Кроме Елизаветы Осетинской в программу Investigative Reporting в этом году вошли режиссер-документалист Брайан Доусон (на фото слева) и журналист Джефф Герт, много работавший с The New York Times и ProPublica
— А у вас не изменилось мнение об американских медиа, когда все начали писать вот такие конспирологические материалы? Когда я приехал учиться в Америку летом 2014-го, я был абсолютно в восторге от тамошней журналистики, читал каждый номер The New Yorker и The Atlantic и так далее. А теперь я вижу все эти тексты про Россию и думаю — а может, в тех интереснейших материалах про Венесуэлу или Либерию все точно так же? Вы как себя чувствуете в этом смысле?
— Определенное разочарование у меня возникло, да. Это чем-то похоже на наши 1990-е. Конечно, все сделано гораздо более профессионально, но тем не менее: две стороны, по сути, поливают друг друга грязью просто без остановки. И при всей свободе прессы выяснить, что реально происходило, не очень-то удается. Собрать целостную картину и понять, как все было на самом деле, мне кажется, никто не может. Та же тема российского вмешательства в американские выборы в той степени, в какой она есть в американских СМИ, просто непропорциональна эффекту от этого вмешательства. Американская политическая система сложная, но при этом сбалансированная и открытая. Был поединок, он привел к определенному результату. И я не верю, что кампания на 100 тысяч долларов в фейсбуке могла на это фатально повлиять.
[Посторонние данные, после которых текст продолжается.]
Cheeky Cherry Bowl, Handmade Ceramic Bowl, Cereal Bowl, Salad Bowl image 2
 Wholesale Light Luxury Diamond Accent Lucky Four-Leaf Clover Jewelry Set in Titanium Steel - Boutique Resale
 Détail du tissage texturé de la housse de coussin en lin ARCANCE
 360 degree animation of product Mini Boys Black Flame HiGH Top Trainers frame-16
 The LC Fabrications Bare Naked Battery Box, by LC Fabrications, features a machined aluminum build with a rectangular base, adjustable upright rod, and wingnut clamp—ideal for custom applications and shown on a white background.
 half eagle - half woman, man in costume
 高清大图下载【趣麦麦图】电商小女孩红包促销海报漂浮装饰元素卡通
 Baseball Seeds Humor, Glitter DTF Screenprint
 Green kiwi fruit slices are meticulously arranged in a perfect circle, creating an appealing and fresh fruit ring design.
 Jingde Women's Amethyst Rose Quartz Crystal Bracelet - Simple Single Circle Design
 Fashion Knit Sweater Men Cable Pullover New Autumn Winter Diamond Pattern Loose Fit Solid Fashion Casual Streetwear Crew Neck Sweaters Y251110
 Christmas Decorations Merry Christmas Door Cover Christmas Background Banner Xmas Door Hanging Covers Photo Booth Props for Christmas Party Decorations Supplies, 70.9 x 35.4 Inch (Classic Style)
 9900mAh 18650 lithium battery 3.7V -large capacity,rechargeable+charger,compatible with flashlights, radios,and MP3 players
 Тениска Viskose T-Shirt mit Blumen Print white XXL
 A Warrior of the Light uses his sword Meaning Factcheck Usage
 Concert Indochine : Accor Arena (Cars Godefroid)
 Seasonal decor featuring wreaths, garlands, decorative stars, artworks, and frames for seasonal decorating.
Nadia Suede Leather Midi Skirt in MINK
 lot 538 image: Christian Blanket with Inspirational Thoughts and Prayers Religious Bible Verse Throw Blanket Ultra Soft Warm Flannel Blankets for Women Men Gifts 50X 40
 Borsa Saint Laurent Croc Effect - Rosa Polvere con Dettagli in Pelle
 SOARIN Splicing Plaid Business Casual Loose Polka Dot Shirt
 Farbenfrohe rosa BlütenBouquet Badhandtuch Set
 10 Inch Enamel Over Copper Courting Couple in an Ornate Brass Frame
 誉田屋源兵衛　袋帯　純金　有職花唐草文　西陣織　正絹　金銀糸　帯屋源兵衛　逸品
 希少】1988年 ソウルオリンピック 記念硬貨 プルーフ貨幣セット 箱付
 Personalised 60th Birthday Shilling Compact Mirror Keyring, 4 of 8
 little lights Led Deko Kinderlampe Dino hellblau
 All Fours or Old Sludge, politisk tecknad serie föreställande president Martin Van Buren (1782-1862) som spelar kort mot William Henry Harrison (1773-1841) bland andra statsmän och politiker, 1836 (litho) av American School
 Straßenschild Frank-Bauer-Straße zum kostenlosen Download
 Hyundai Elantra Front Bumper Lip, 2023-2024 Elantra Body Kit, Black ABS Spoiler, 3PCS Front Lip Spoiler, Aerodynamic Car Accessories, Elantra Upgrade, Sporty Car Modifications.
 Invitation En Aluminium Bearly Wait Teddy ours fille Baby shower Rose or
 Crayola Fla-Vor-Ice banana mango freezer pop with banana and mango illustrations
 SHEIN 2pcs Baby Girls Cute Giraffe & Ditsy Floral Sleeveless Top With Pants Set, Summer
— А что вы думаете про нынешнюю российскую медиаиндустрию — особенно глядя из Америки. Вот «Ведомости»…
— С «Ведомостями» ничего страшного не происходит, несмотря на то что там случился исход [сотрудников]. Другое дело, что я их практически не читаю, в них мало того, что мне практически полезно, а остальное скучновато. Но когда происходит большое событие по их профилю — условно, санация «Открытия», — я бегу читать все. А когда происходит большое событие общего свойства, я скорее иду читать «Медузу»: вы можете накосячить, но точно сделаете это не со зла.
— А РБК?
— Ну там есть новости, но новости у всех более-менее одинаковые. Если выпустят новый «Панамский архив», с какими-то изъятиями про это напишут и там. Но они не напишут свои расследования. В РБК бывает интересный бизнес-контент, как правило из журнала. Да и вообще — общий уровень качества никто не ронял. Там история скорее в том, что какие-то вещи там просто не появятся.
Вообще я вам так скажу — я хочу сделать медиа для себя. Чтобы мне самой было интересно, чтобы мне доходчиво объясняли самое главное с поворотом в деньги. Я не претендую на Михаила Фридмана, у меня большой интерес к деньгам, но все-таки не всепоглощающий. При этом я понимаю какие-то вещи — например, связь между ураганом и долларом — и хочу, чтобы со мной кто-то про это предметно поговорил. И чтобы мне рассказали про тренды, потому что самой мне за ними следить просто некогда. Так же как и другие люди, я занимаюсь своей работой, семьей, какими-то делами. У меня нет времени сидеть все время в фейсбуке и читать про колбаски. Вот пожалуйста — соберите новости, которые мне нужны, чтобы я ничего суперважного не пропустила. Вот про что The Bell.
— А каким вы видите его будущее? Чего бы вы хотели от The Bell через пять лет?
— А я вам уже сказала про высшую меру успеха. Когда человек сделал хорошее дело и на этом круто заработал. Вот это была бы для меня идеальная модель. Самая правильная.